Ellie
‘I’d better be going.’ Mrs Dunwoody got up. ‘I’ve got so many serious problems to deal with, children wetting the bed, others with lice. Some children won’t eat, others are stealing food. As for some of the mothers with babies!’ She shook her head, as if baffled by it all. ‘Would you believe that one mother complained because it was too quiet here? I don’t think it dawns on some people that this country is at war and we have to put up with a few inconveniences.’
Chapter Three
Dagenham, March 1940
Bonny Phillips stood at the top of the stairs, ears pricked up. It was after ten on Friday night, and she’d been sent to bed an hour earlier, but a certain tension between her parents during the evening and now their raised voices had made her creep out of her bedroom to try and discover what was going on.

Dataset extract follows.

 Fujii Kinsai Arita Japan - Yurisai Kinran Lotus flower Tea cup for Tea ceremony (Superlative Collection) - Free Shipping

‘I’ve been over and over it.’ Her father’s voice sounded weary with exasperation. ‘We must do what’s right for her, Doris.’
It was pitch dark on the stairs, except for a faint golden glow beneath the living-room door. Bonny shivered in her thin nightdress and the sisal stair carpet prickled her bare feet.
‘I don’t want Bonny to go, Am,’ her mother replied, her voice strangled as if she was crying. ‘She’s not quite eleven, just a baby, I couldn’t bear being separated from her.’
‘Do you think I want her to go?’ Arnold replied. ‘But this isn’t sending her off to just anyone, she’ll have a good life with Miss Wynter. She’ll be safe when the bombing starts and she’ll have her dancing lessons free.’
Bonny had never been away from home, not even for one night. Last September, when most of the other children at school were evacuated, she was disappointed when her parents declined to send her too. Home was 88 Flamstead Road on the Becontree estate in Dagenham, a very ordinary council house. When many of the children returned home at Christmas with amazing stories about country cottages and big houses at the seaside, Bonny had felt resentful.
In fact, the war had been a great disappointment in every way so far. Last year, when they’d all been given gas masks and practised going into the air raid shelter in the school opposite, Bonny had thought it was all going to be very exciting. She’d even felt a bit like a heroine staying behind at home, facing danger. But nothing had happened, other than planes droning overhead. Even when the siren went off it was only to practise. It had been an exceptionally cold winter, thick snow, pipes freezing up and shortages of everything. Grown-ups talked about rationing all the time, and now Dad had dug up most of the back garden to grow vegetables. They called it the Phoney War. Almost all the evacuees had come home again to stay. Yet from what her dad was saying, it sounded as if something was going to happen at last.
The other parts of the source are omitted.